*WORK INSTRUCTIONS*
Please reproduce the lines from the one containing "map of restaurants, bars, coffee" through the end of the data below exactly as they stand, and omit all pictures.

═══ DATA EXCERPT ═══

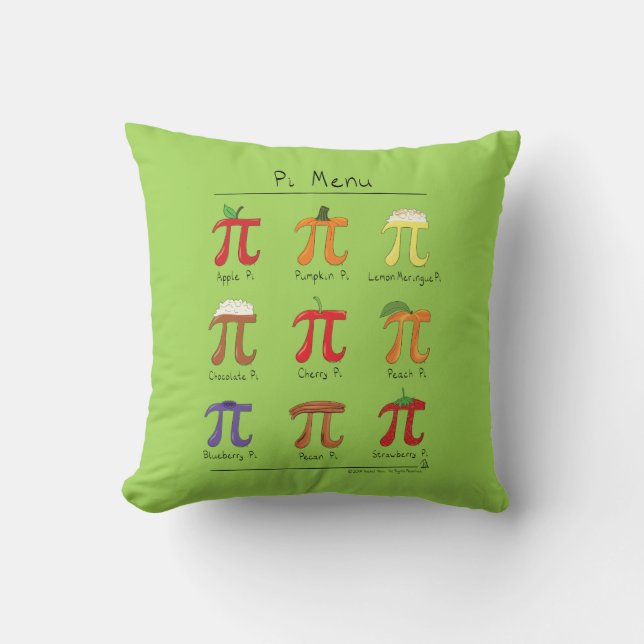Pi Symbol Menu Cute Math Teacher Cushion (Front)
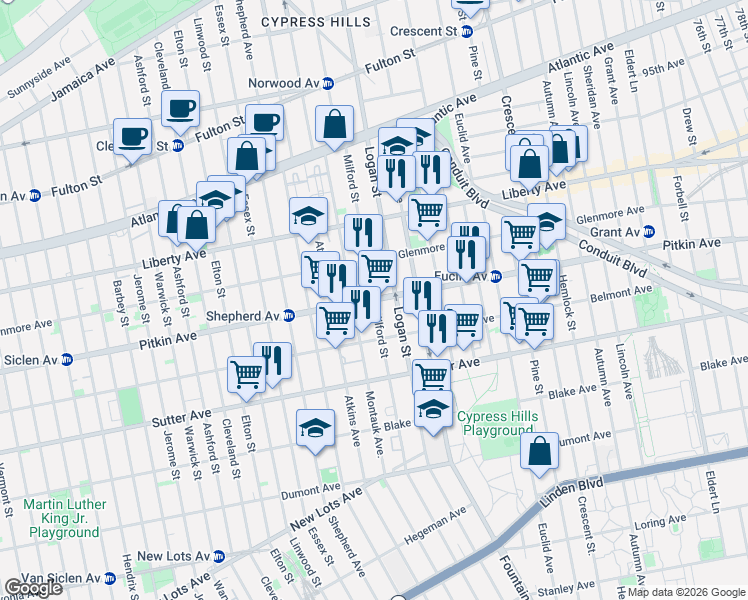map of restaurants, bars, coffee shops, grocery stores, and more near 2576 Pitkin Ave in Brooklyn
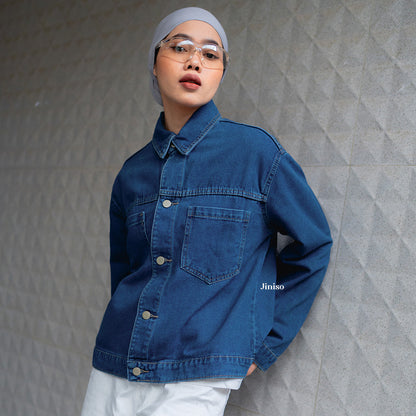 JINISO Jaket Jeans Oversize Casual Bio Wash
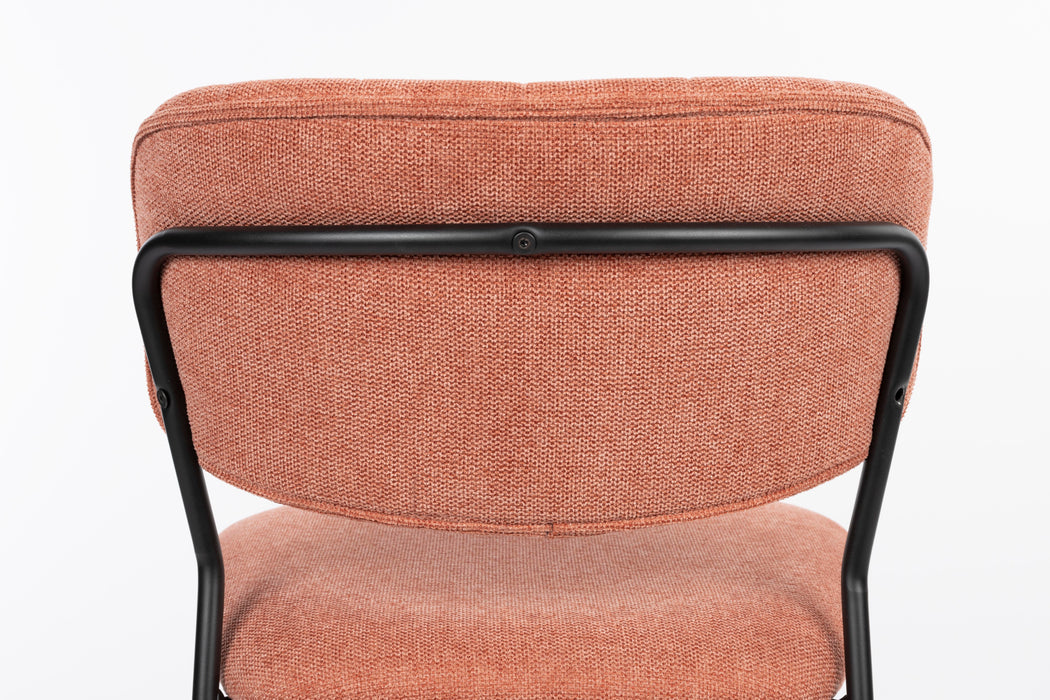 Eetkamerstoel Jolien Zwart/pink Fr Polyester Roze 56x48 cm-Fauteuils-Creating Home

═══

*TASK ANSWER*
map of restaurants, bars, coffee shops, grocery stores, and more near 2576 Pitkin Ave in Brooklyn
 JINISO Jaket Jeans Oversize Casual Bio Wash
 Eetkamerstoel Jolien Zwart/pink Fr Polyester Roze 56x48 cm-Fauteuils-Creating Home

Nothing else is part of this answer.